The two stereotypes that are prevalent in many college towns are that townies of those towns are either an uneducated brood of hoodlums, or spoiled rich kids. These stereotypes are oversimplified first impressions. I believe that the brood of hoodlums stereotype arises when college students meet people of their age, who happen to not be in college. This group of people may appear different since they do not assimilate to the exact subcultures of the university. As a result, there is a lack of things in common. Does this mean that it is impossible or futile to make friends with townies? Are they going to look at your college experience with a judging eye? The answer is no. The worst thing one can do is judge a potential friend by how he or she looks on paper. My personal experience was that townies out of college came in all shapes and sizes with many life stories. And just because they were not in your psych class during freshman year, it does not mean that they’re not interesting.
The second type of townie is the student who grew up down the road from the campus. While this person looked at different universities, he or she chose their hometown university. A large fraction of high school students in the area choose to attend a local, large university with a good reputation, not only for the academics. This should be an obvious one. Having a few years to get the lay of the land, it is easier to navigate through the “new” college environment. Many of the academically accomplished townies have taken classes during the summers, attended workshops for excelling at standardized tests, and numerous academic competitions. Socially advanced students had some time to attend college parties, learn about the Greek system, and get the lowdown from friends who are already in college. This is not even including the fact that they know large portions of the campus from numerous visits. The reason that they appear spoiled is because they had a while to gather all of the resources, and learn how to live the college experience they have been craving since they started to look at college.

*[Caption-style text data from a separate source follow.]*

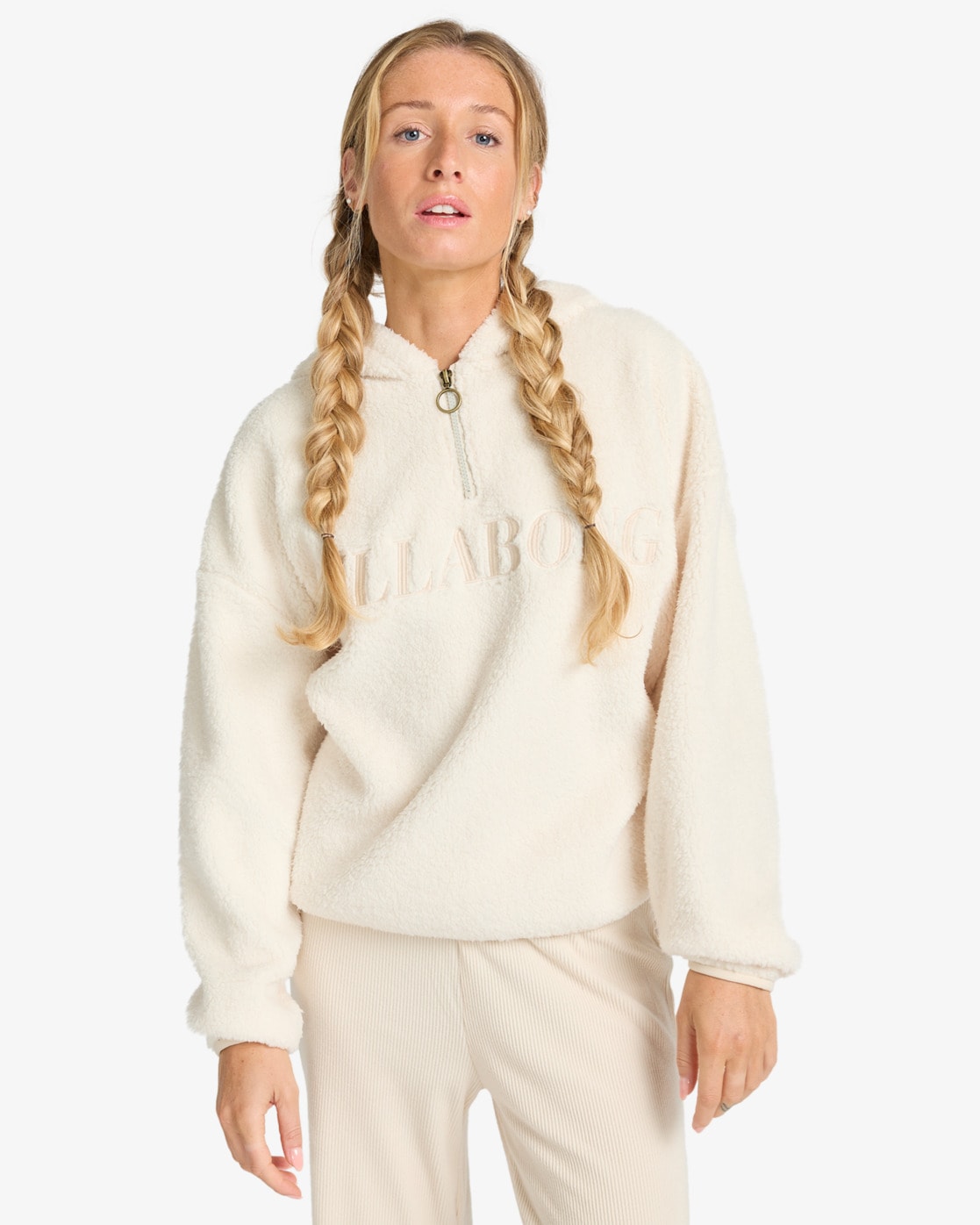 Billabong Strickfleece-Pullover "READY TO GO" aus Polyester, in den Größen XS bis XXL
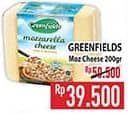 Promo Harga Greenfields Cheese Mozzarella 200 gr - Hypermart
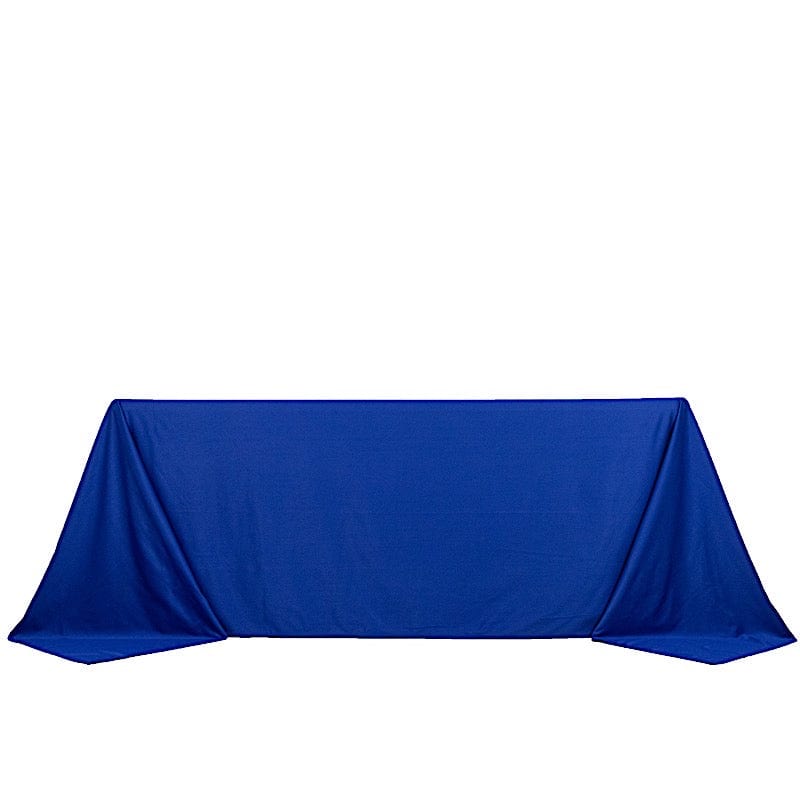 90x132 in Premium Scuba Polyester Rectangle Tablecloth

Before anyone becomes jealous of the hometown college student, a few disadvantages are worth sharing. The main one is obvious. For many students, attending a university is a time to learn about the world at large and everything in it. For the hometown student, the most diverse experience they have is in their program of study, not the new location, new people, new things to do, and surprises. Most hometown students take their study habits to college. Many of them save the same friends. While it is one thing to keep in touch and stay close, I feel that it is all too easy to fall to a familiar routine. Next, there is always the parent factor. They are not a time zone away, they are not a day trip away. They are down the street. The thousands of other college students do not mask the fact that parents are really just down the street. Extra input from them on various topics is expected. These disadvantages almost make knowing the lay of the land a bit less glamorous.
Overall, I think that the college townie is a unique character on the college campus. Whether this person attends college or not, it is interesting to see how much they know about the college town. They have a lot more to say than brochures and college tour guides.